▸ Provided records
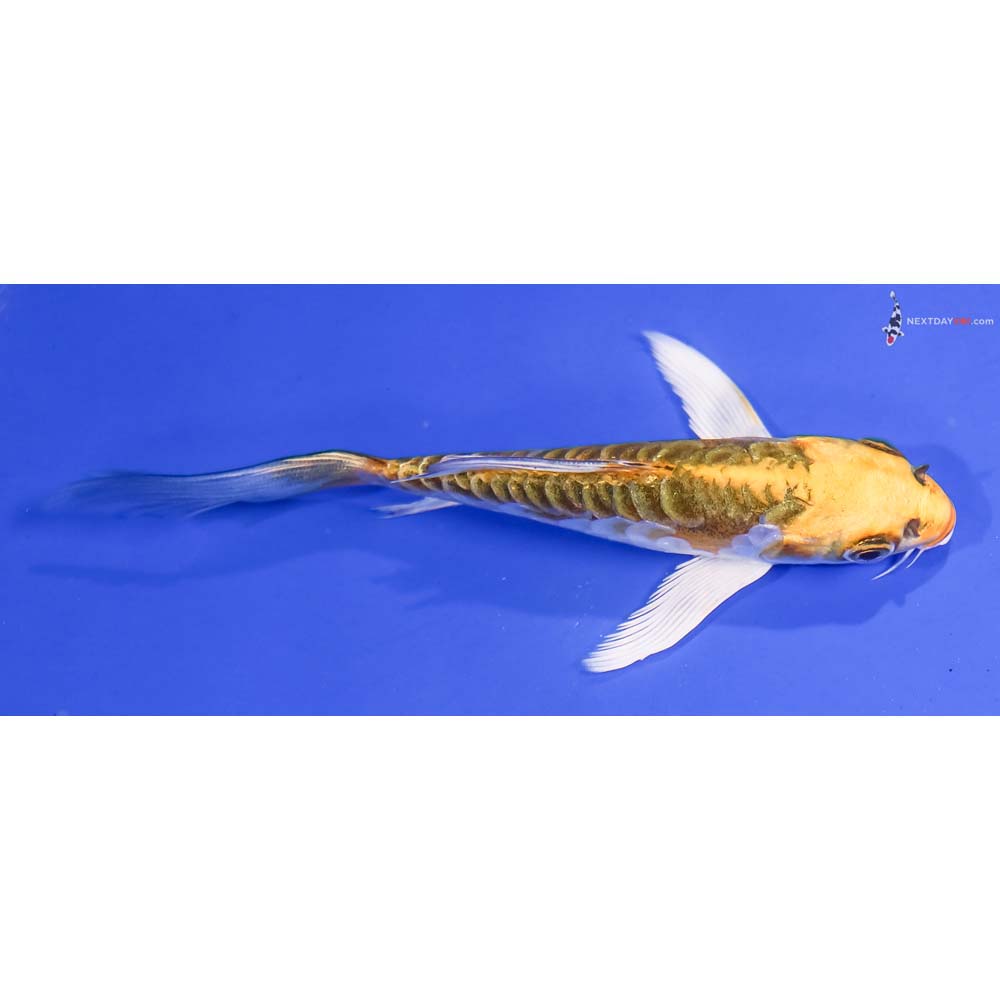 5” Imported Doitsu Kujaku Butterfly Koi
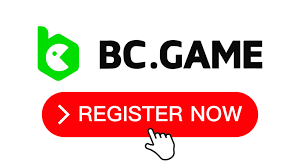 Comprehensive Overview of the BC App Features and Benefits -902996684 Comprehensive Overview of the BC App Features and Benefits -902996684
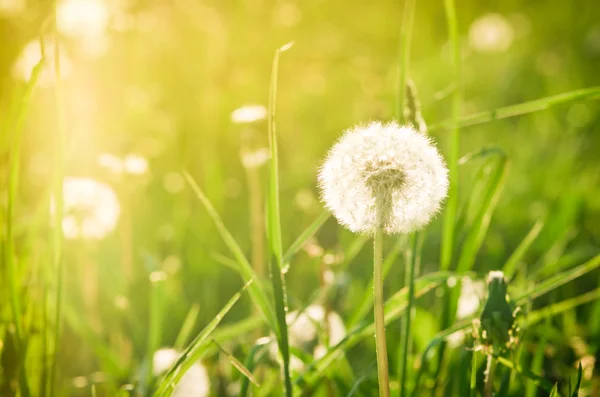 stock image Meadow with dandelions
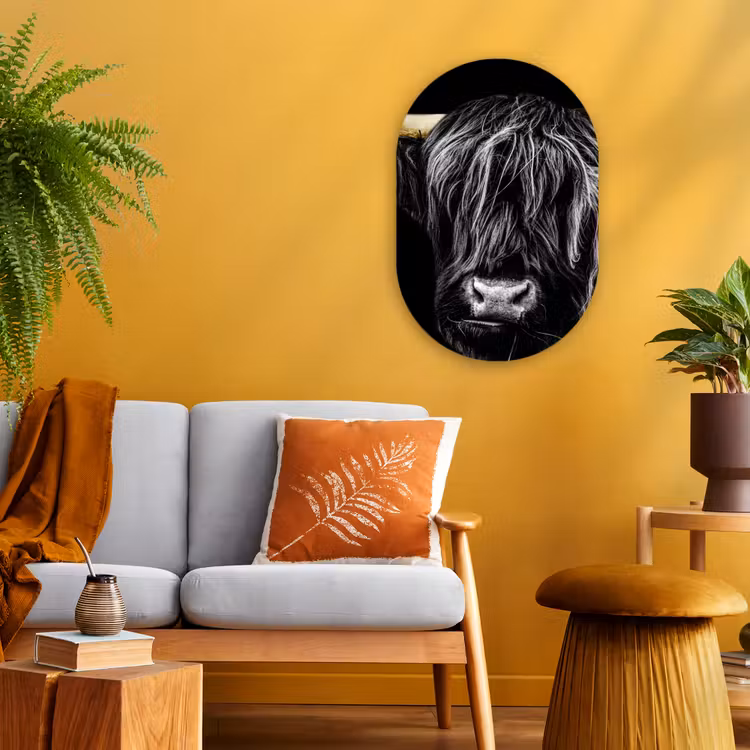 Schotse hooglander - Goud - Vacht - Dieren - Koe Wandcirkel Ovaal Forex klein -sfeer4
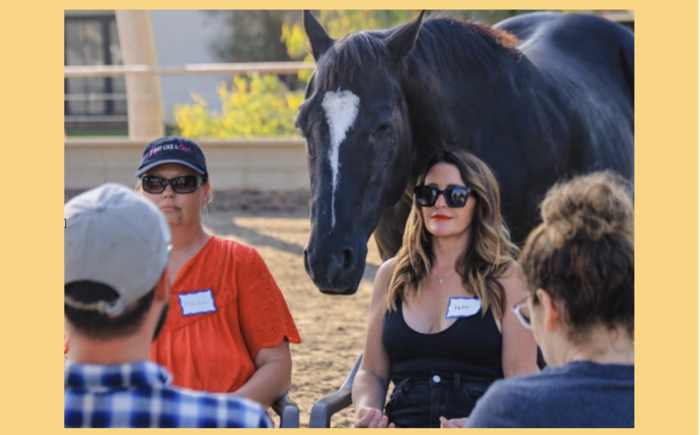Meditation with Horses - Sunday April 14th Banner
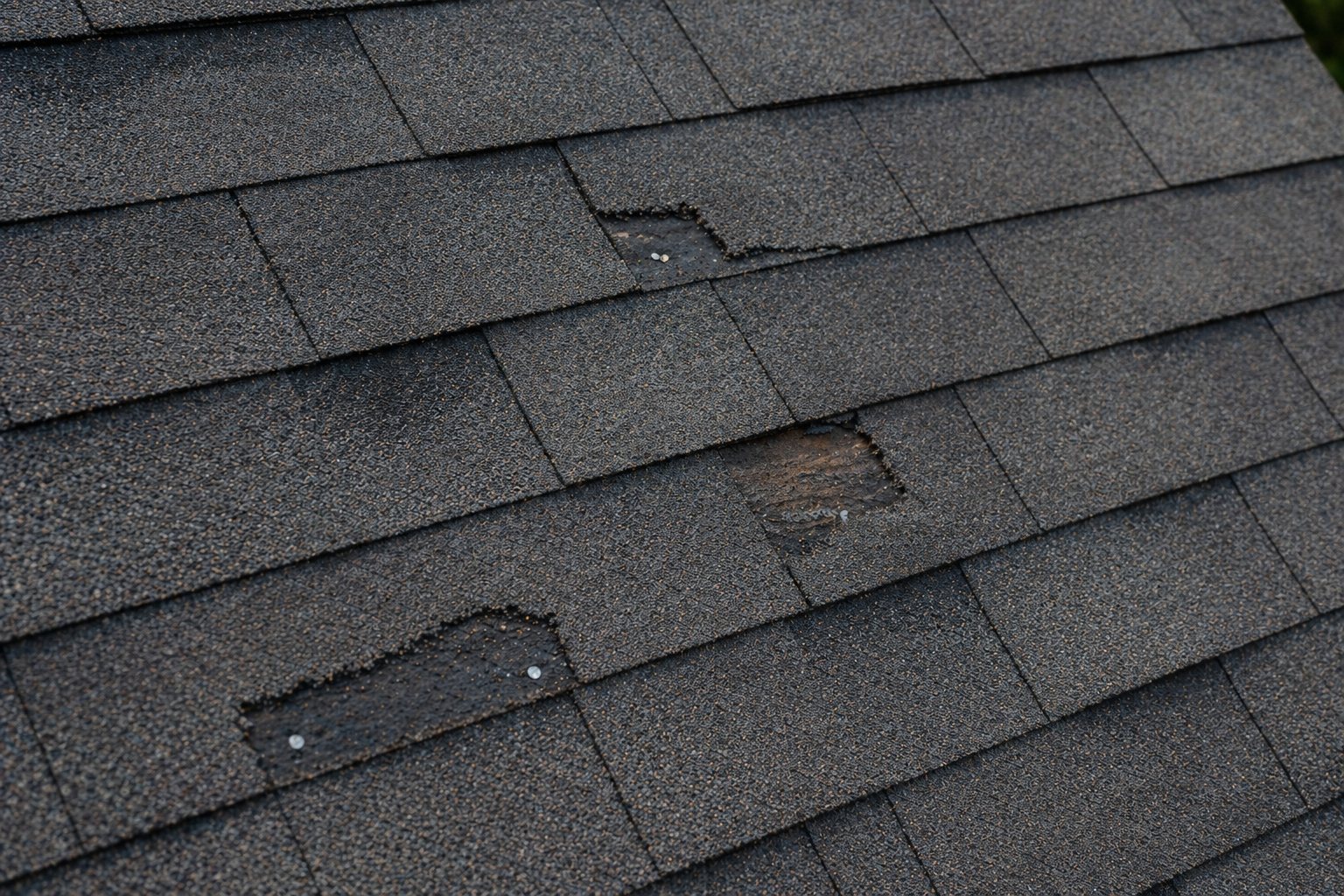 Roof maintenance inspection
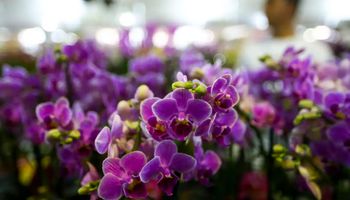 Emprego no setor de flores e plantas ornamentais cresce 26% e renda 83%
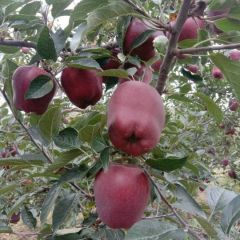 甘肃天水花牛苹果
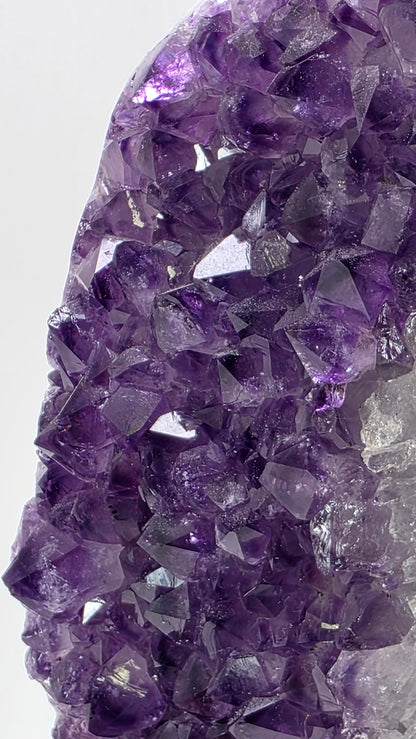 Deep Purple ‘Amethyst Flame’ on Custom Stand – Uruguay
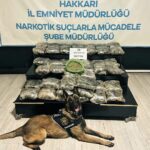 Yüksekova’da hafif ticari kamyonette 30 kilogram skunk bulundu, 2 kişi gözaltına alındı.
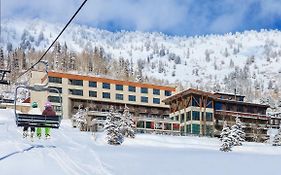 Alta's Rustler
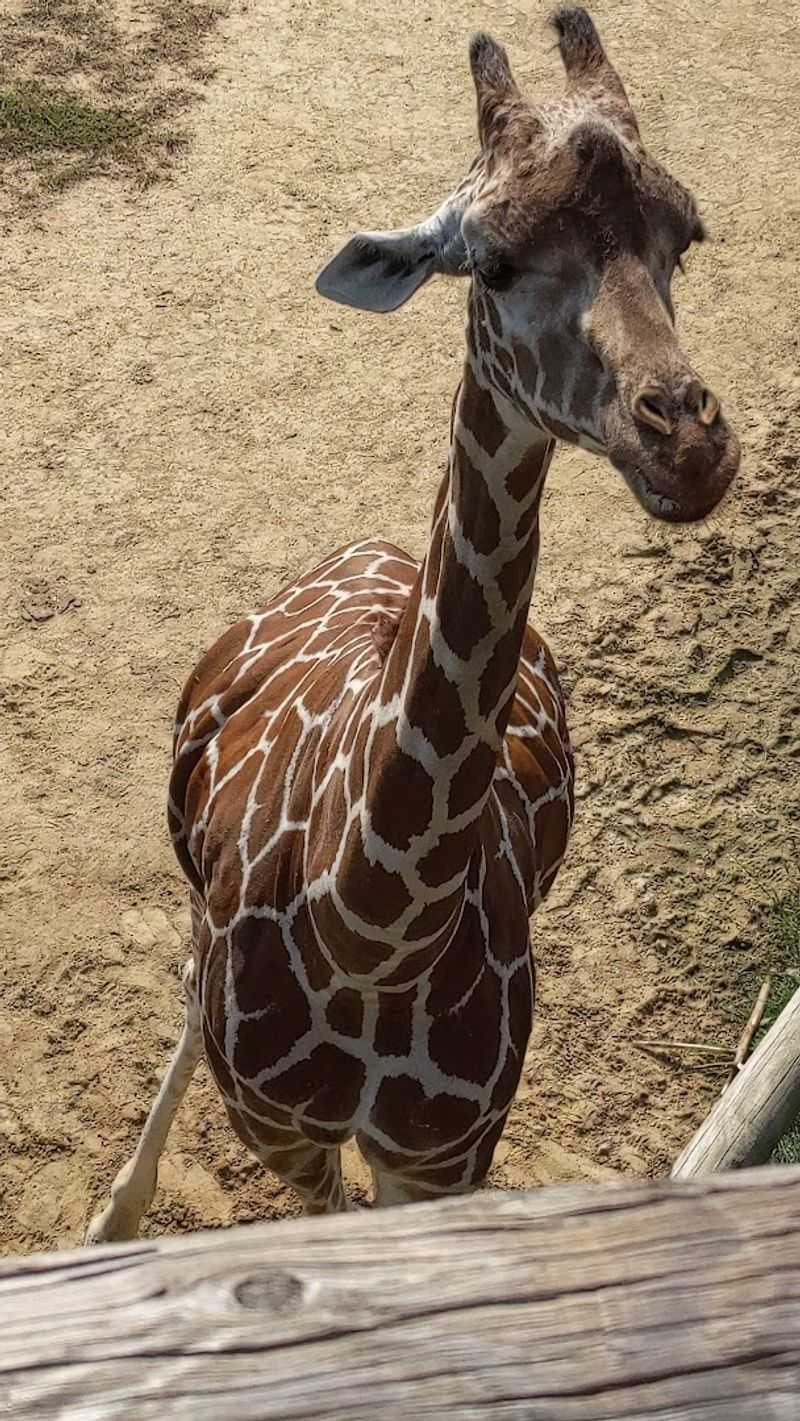 Giraffe Feeding Experience
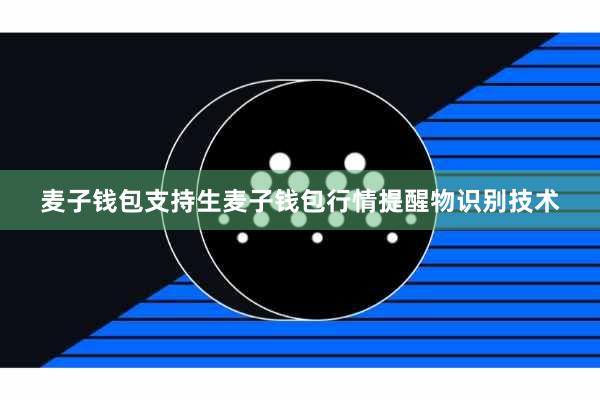 麦子钱包支持生麦子钱包行情提醒物识别技术
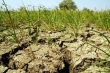 Informacja MRiRW o stratach w rolnictwie spowodowanych suszą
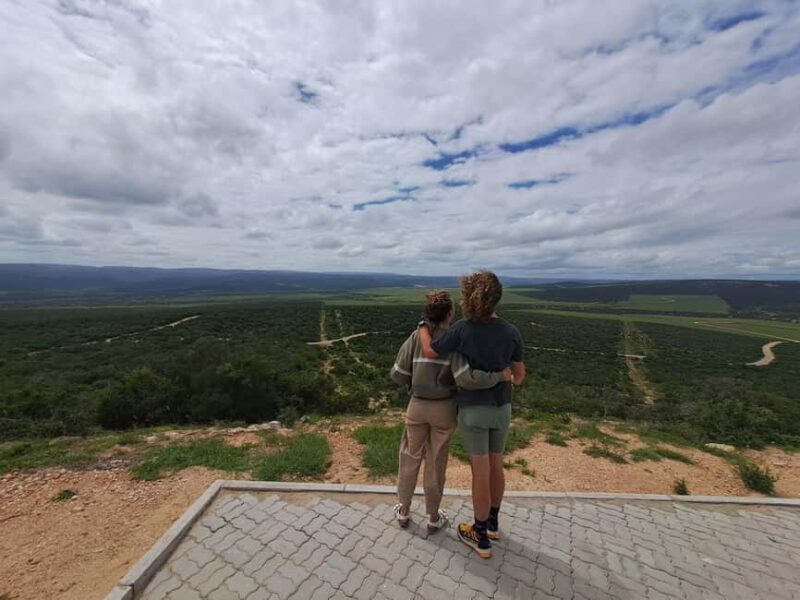 Best Addo Elephant park safari! - An In-Depth Look at the Addo Elephant National Park Safari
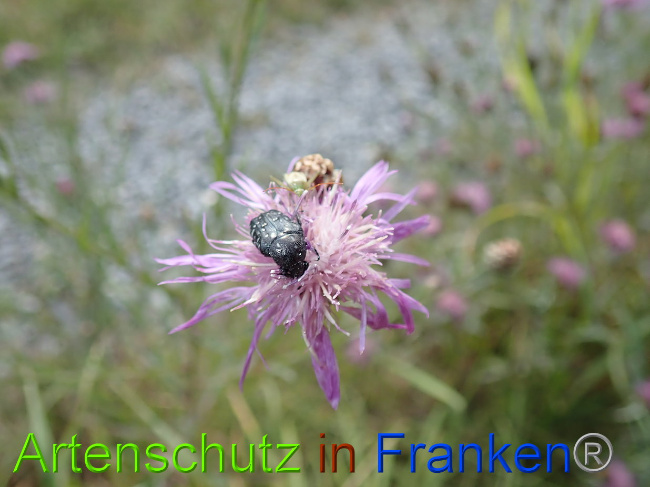 © Artenschutz in Franken® Bild zum Eintrag (1031131-160)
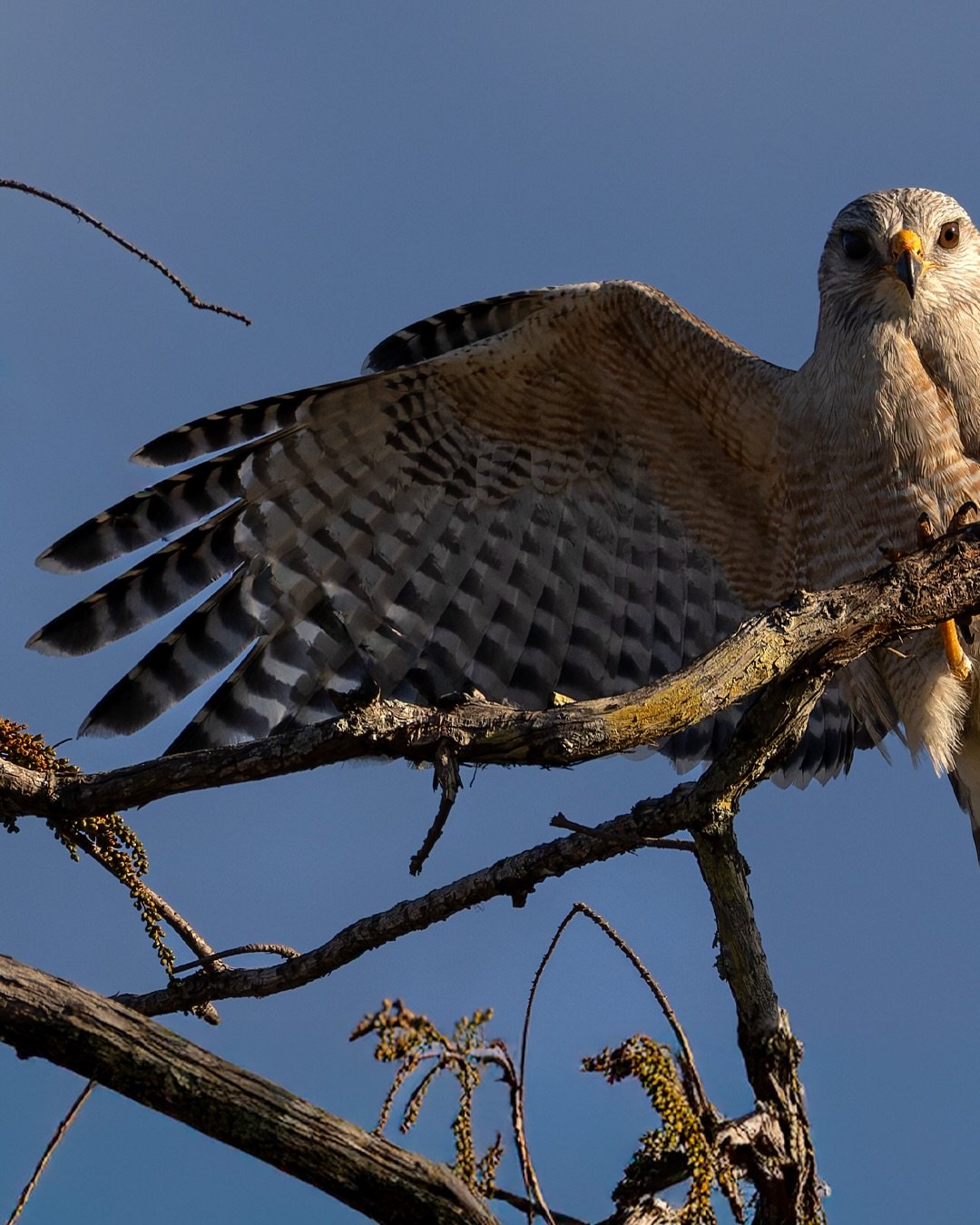 A Red-shouldered Hawk in full display will stop you every time. The light was just right, and those rufous tones lit up against the wetlands.

One of my favorite parts? Getting home, pulling these up on my screen, and zooming in on every single feath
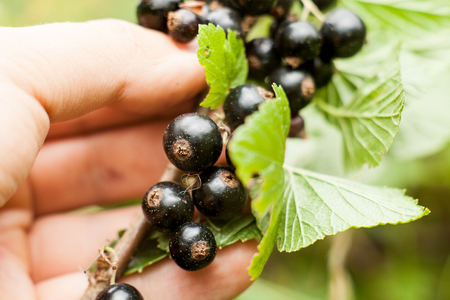 Pluck Blackcurrant fruit on the bush. Harvest of ripe fluffy blackcurrant. Black fruits on a green background.の写真素材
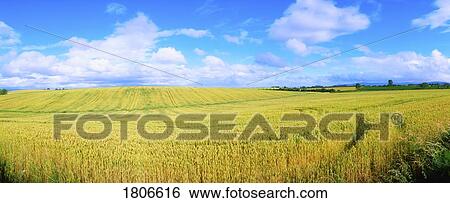 Young Wheat, Ireland View Large Photo Image Stock Photograph - Young Wheat, Ireland. Fotosearch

▸ Problem
Retype the entries verbatim and drop the pictures.

▸ Response
 5” Imported Doitsu Kujaku Butterfly Koi
 Comprehensive Overview of the BC App Features and Benefits -902996684 Comprehensive Overview of the BC App Features and Benefits -902996684
 stock image Meadow with dandelions
 Schotse hooglander - Goud - Vacht - Dieren - Koe Wandcirkel Ovaal Forex klein -sfeer4
Meditation with Horses - Sunday April 14th Banner
 Roof maintenance inspection
 Emprego no setor de flores e plantas ornamentais cresce 26% e renda 83%
 甘肃天水花牛苹果
 Deep Purple ‘Amethyst Flame’ on Custom Stand – Uruguay
 Yüksekova’da hafif ticari kamyonette 30 kilogram skunk bulundu, 2 kişi gözaltına alındı.
 Alta's Rustler
 Giraffe Feeding Experience
 麦子钱包支持生麦子钱包行情提醒物识别技术
 Informacja MRiRW o stratach w rolnictwie spowodowanych suszą
 Best Addo Elephant park safari! - An In-Depth Look at the Addo Elephant National Park Safari
 © Artenschutz in Franken® Bild zum Eintrag (1031131-160)
 A Red-shouldered Hawk in full display will stop you every time. The light was just right, and those rufous tones lit up against the wetlands.

One of my favorite parts? Getting home, pulling these up on my screen, and zooming in on every single feath
 Pluck Blackcurrant fruit on the bush. Harvest of ripe fluffy blackcurrant. Black fruits on a green background.の写真素材
 Young Wheat, Ireland View Large Photo Image Stock Photograph - Young Wheat, Ireland. Fotosearch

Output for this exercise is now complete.